Berliner Lehrerbesoldung: 5300 Euro für alle
Monatelang wurde im Senat gerungen. Jetzt steht fest: Alle voll ausgebildeten Grundschullehrer sollen mehr Geld bekommen. Und die DDR-Lehrer?
Schon der Betreff klang vielversprechend: Um die „höhere Vergütung für Grundschullehrkräfte“ sollte es gehen, als Bildungssenatorin Sandra Scheeres (SPD) an diesem Dienstag mit der Vorsitzenden der Gewerkschaft Erziehung und Wissenschaft (GEW), Doreen Siebernik, über die weiteren Schritte informieren wollte. Monatelang war – auch mit dem Finanzsenator – um einen Kompromiss gerungen worden. Dabei ging es nicht zuletzt um die Frage, welche Art von zusätzlichen Fortbildungen die nach altem Modell ausgebildeten Ost- und West-Grundschullehrer vorweisen müssen, um 5300 Euro pro Monat (E13) zu verdienen – so wie die neuen Absolventen.
55 Millionen Euro - und ein Lob für Scheeres
Die sogenannten Bestandslehrer bekommen ab Sommer 2019 mehr Geld. Dafür müssen sie in den nächsten Jahren 30 Stunden an Fortbildungen nachträglich absolvieren. Insgesamt werden von der Neuregelung rund 5600 Lehrkräfte profitieren, was ab 2020 rund 55 Millionen Euro zusätzlich kosten wird. Für das zweite Halbjahr 2019 werden noch 21 Millionen Euro fällig.
Als Vorbild gilt Schleswig-Holstein, wo ein ähnlicher Weg beschritten wird, um Grundschullehrern zu einer höheren Besoldung zu verhelfen. Die Finanzverwaltung hatte aber Bedenken hinsichtlich der rechtlichen Konstruktion. Schließlich geht es um Pädagogen, die einer anderen Laufbahn zugeordnet sind. Immer wieder verzögerte sich die Einigung im Senat. Scheeres habe sich schließlich behauptet, lobte die GEW ausdrücklich.
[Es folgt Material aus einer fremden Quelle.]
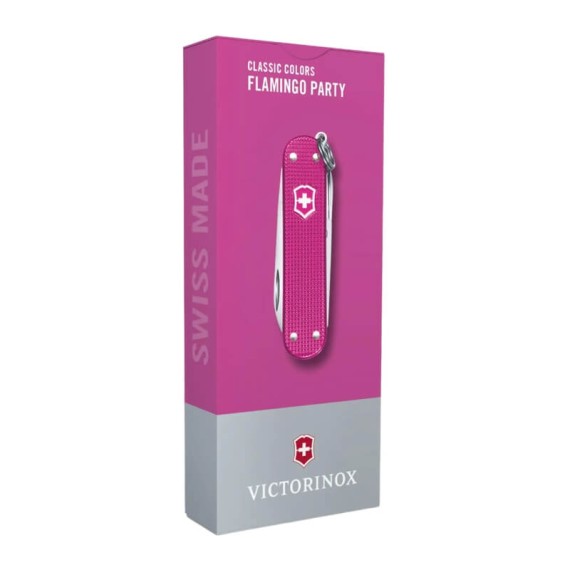 Canivete 58mm VICTORINOX Classic SD Alox Flamingo Party | Ref. 320.06221.251G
Grundschullehrer werden mit Studienräten gleichgestellt
Traditionell verdienen Grundschullehrer rund 500 Euro weniger als Studienräte. Der Unterschied leitete sich früher unter anderem aus einer anderen Ausbildung ab. Inzwischen gleichen die Bundesländer die Ausbildungen aber an. Auch in Berlin studieren Grundschullehrer inzwischen ebenso lange wie die künftigen Lehrer der Gymnasien und Sekundarschulen. Daher war 2017 beschlossen worden, dass die Absolventen des reformierten und verlängerten Studiums ab sofort mehr Geld verdienen, und zwar rund 5300 Euro pro Monat, weil sie jetzt auch der Entgeltgruppe E13 zugeordnet sind.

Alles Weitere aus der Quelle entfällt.